Now let’s create the TRANSACTION table in MySQL.
Please create a database and run the appropriate DDL and INSERT statements to yield
the following data in the TRANSACTION table:
id bookId, qty, price, storeId
1 001 2 10.00 020
2 002 3 11.50 030
3 003 4 12.5 040
4 001 3 36.00 030
5 002 4 54.00 040
6 002 1 05.00 020
So now let us address the problem where the blue and red Harry Potter books are the
same for PUBLISHER1 but different for PUBLISHER2
For PUBLISHER1 book 001 and book 002 are euivalent
For PUBLISHER2 book 002 and 003 are equivalent.
This Cypher statement will establish that equivalence:
MATCH (b:Book {id: '001'})-[*]-(c: Book {id: '002'})
MERGE (b)-[e: EQUIVALENT {publisher: 'PUBLISHER1', equivalentId: '1001'}]->(c)
MATCH (b:Book {id: '002'})-[*]-(c: Book {id: '003'})
MERGE (b)-[e: EQUIVALENT {publisher: 'PUBLISHER2', equivalentId: '1002'}]->(c)
Notice how we have:
- Created publisher-specific relationships
- Identified the equivalent id for each pair in the relationship properties and
associated it to the relationship.
This yields the following schema:
And the same relationship is displayed with the data:
Querying
Now let’s see how we can write queries for the two publishers using this equivalence
relationship and the transaction data stored in a relational db.

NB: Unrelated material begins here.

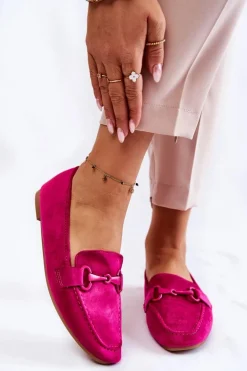 Zamszowe Mokasyny Z Ozdobą Fuksja Santi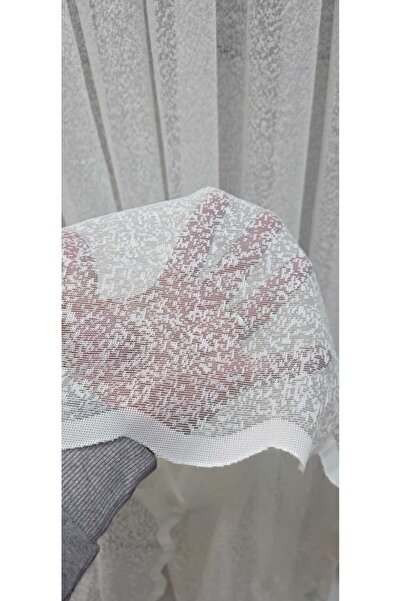 TREND Örme tül perde kar desenli sık pile [1X3] ütü istemez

First pull dimension data using Neo4J for PUBLISHER1.
MATCH (b1: Book)-[r1]-(b2: Book), (b: Book)-[*]-(p)-[*]-(r)-[*]-(c: Country)
WHERE r1.publisher = 'PUBLISHER2'
RETURN DISTINCT b1, b2, r1.equivalentId, b, p, r, c;
Fact data that is stored in MySQL can be accessed in either of two ways:
- Use the JDBC plugin for Neo4J to make a direct connection .
- Use the Neo4J API to programatically access data.
Here’s an example of how this model can be queried using plain Cypher querries:
Give me all books that are red in color, printed in Gautemala, sold in PA and cost
more than $10.00
MATCH (b:Book)-[:PUBLISHED_BY]->()-[:PRINTS_AT]->()-[:LOCATED_IN]->(c:Country),
(b:Book)-[:REFLECTS]-(r:Color),
(b:Book)-[:SOLD_IN]->(s:Store)
WHERE c.name = 'Gautemala'
AND b.price > 10
AND r.name = 'red'
AND s.state = 'PA'
RETURN b;
CREATE (easyPeasy:ShippingPolicy {id: '021', name: 'The Easy Policy'})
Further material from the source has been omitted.